In addition to seeing all of our relatives, Mom took us to the site of the one-room school house near Delhi, where she taught grade school before she got married.  The octagon building was razed many years prior.  She told us how she would start the wood burning stove each morning before the students arrived on the cold winter days.  We also drove by the Delhi School in the village, where Mom and Dad went to school prior to attending high school in Redwood.  It was a two-story red, brick building just a block from the grain elevator.  The local public library was so important to mother as a young girl, as she would eventually read nearly every book they had on their shelves.  She told us that the long winter nights provided her with more than ample reading time.  She read the entire collection of Shakespeare's work.  In high school she learned Latin, so she decided to read the Latin translation of 'Julius Caesar' as well.  
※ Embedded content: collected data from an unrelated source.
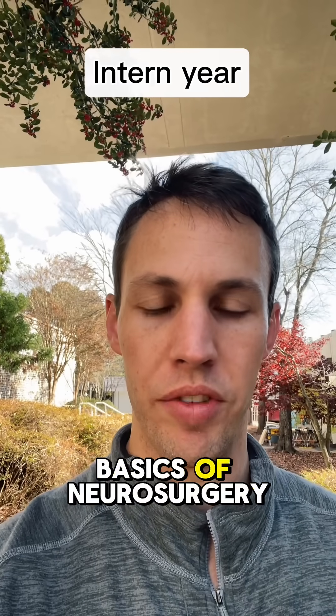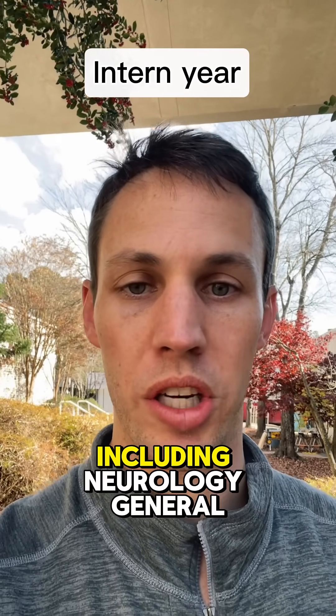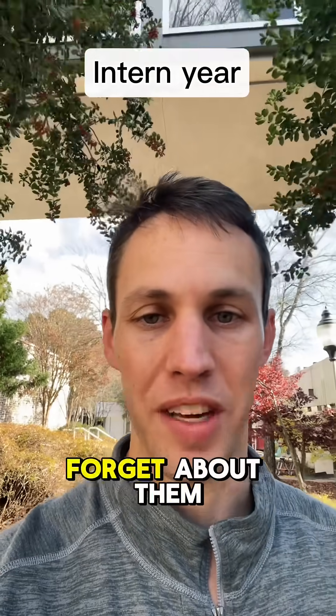During Intern Year, you're learning the basics of neurosurgery care. You'll also spend time on other services that we work closely with, including Neurology, General Surgery, Plastic Surgery, and ENT — can't forget about them.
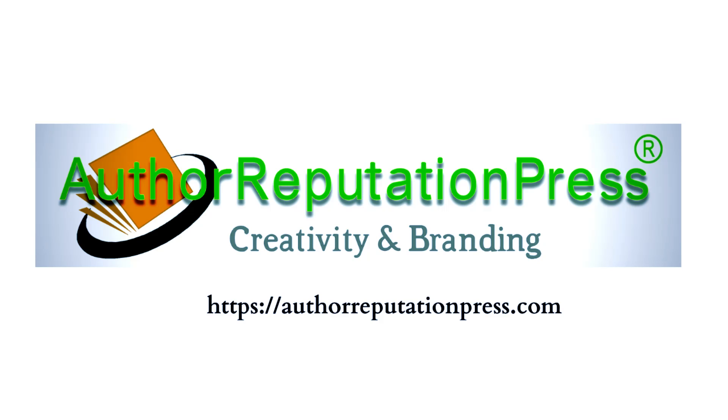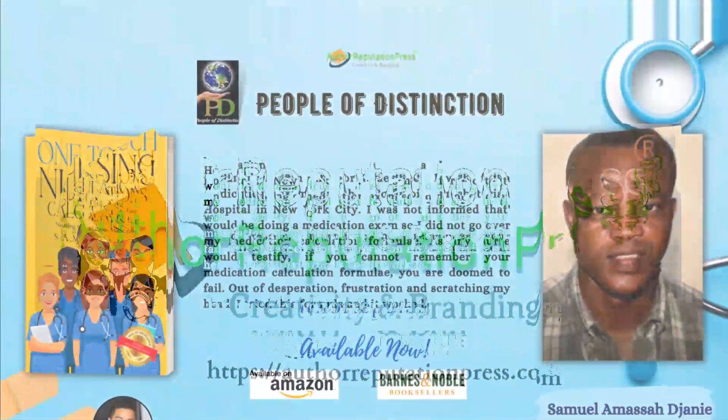That's A-R-P. So if you or anybody you know have a book that they'd like moved, give yourself the best gift you could possibly give — contact A-R-P and have them move it for you. You can find out more information on them at authorreputationpress.com.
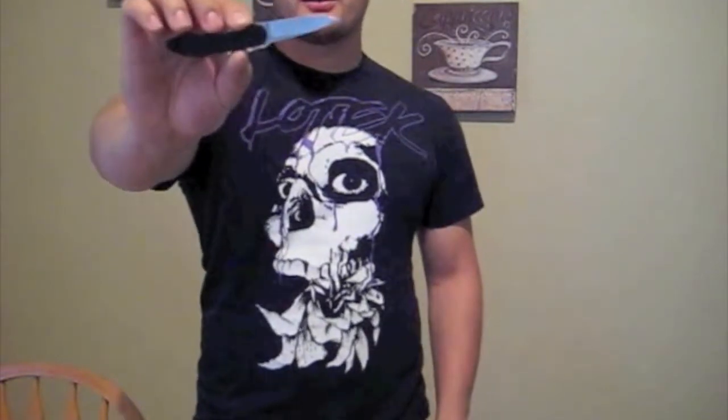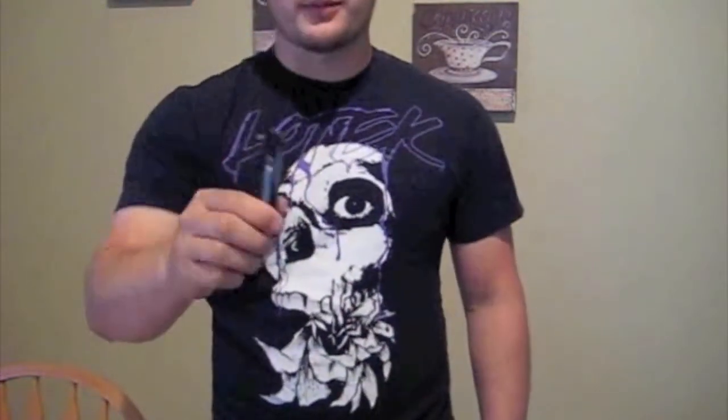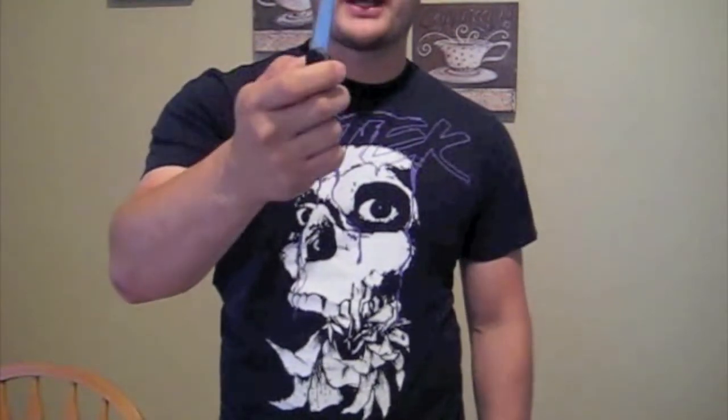Back right pocket: pocket knife, EDC blade — Kershaw OD-2. This is a smaller one, about a 2-inch blade. Plain edge, pocket clip, and it's got an assisted flipper. I use a smaller blade because all I use it for is mostly opening packages, some food prep, cutting through plastic packages and opening bags.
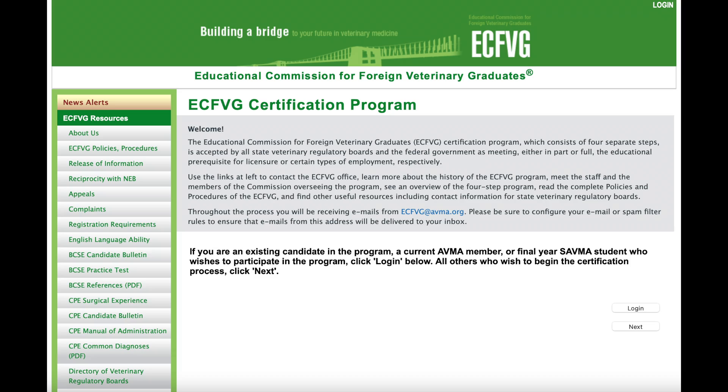The first thing that you will need to do is to register with the ECFVG — the Educational Commission for Foreign Veterinary Graduates. It is the certification program through which you will need to go in order to become qualified for working in the US, and they have a four-step system.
On our return trip to Eugene we got back to Central Oregon, where we could see the Cascade Mountains directly ahead.  Just north of Bend, the Three Sisters, each of which exceeds 10,000 feet in elevation, towered majestically into the blue sky.  This sight was like a welcome mat with only 3 hours of driving remaining.  We were eager to complete our journey by getting to the other side of the Cascades, back home in the Willamette Valley.  I was thankful that we were not traveling by 'Wagon Train' on the Oregon Trail as the nearly 50,000 folks had between 1849 and 1860!  From Bend, they still had a difficult and dangerous time ahead.  We just had to watch out for logging trucks on the McKenzie Highway!